A colleague and I were already in the domestic departures area of Chiang Mai International Airport (for our stopover in Bangkok), and on our way to the immigration checkpoint when we spotted this kiosk on the right side.

That meant only one thing. Bookworming stop! 😜️

This airport stall seems like an outpost of the popular The Booksmith at the super-crowded Nimman area. Obviously its selection is limited compared to its main branch, but I ended up buying two books anyway: Cecilia Watson’s Semicolon, and Ted Chiang’s much-anticipated short-story collection Exhalation.

(The yellow book, Sayaka Murata’s Convenience Store Woman, is a gift from another colleague.
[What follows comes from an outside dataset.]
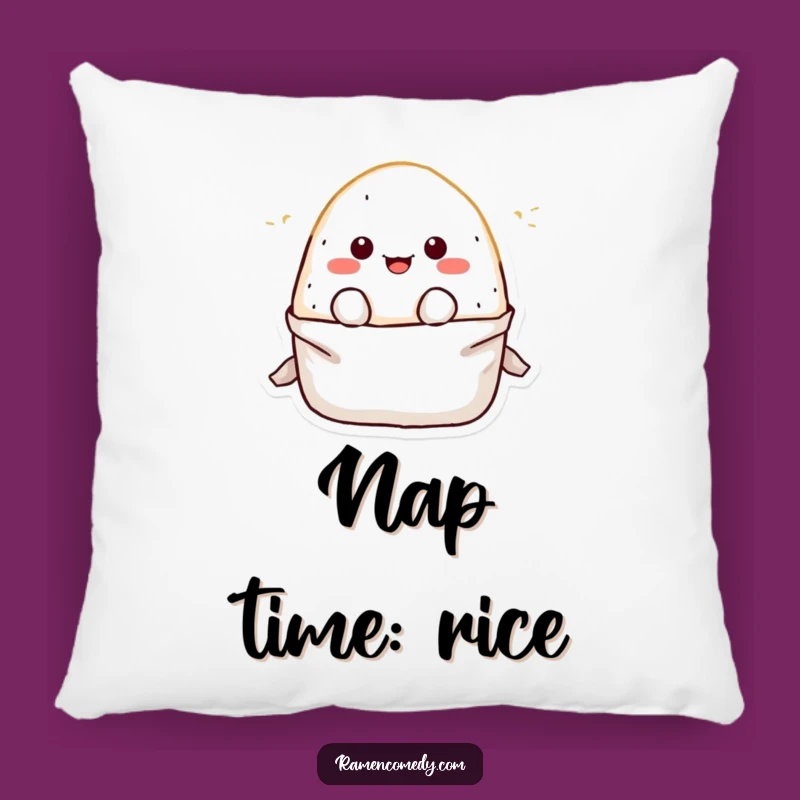 Funny Onigiri Pillow: Cozy Comfort with a Playful Rice Ball Character Design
Read most of it during our four-hour flight delay from Bangkok, and the rest when I got back to Manila.)

Watch out for books with that red sticker! I paid for one book for half its sticker price, so the two totaled under THB1,000. Pricey compared to Philippine bookstore standards; but I had a tough time finding Convenience Store Woman anywhere in my city, and I was sure the two other books would be overpriced in local bookstores.

In a way, I’m thankful we stopped at just three bookworming places. Otherwise, I would’ve been lugging more than the 14kg I had in checked-in luggage. (I left Manila with just 9kg!)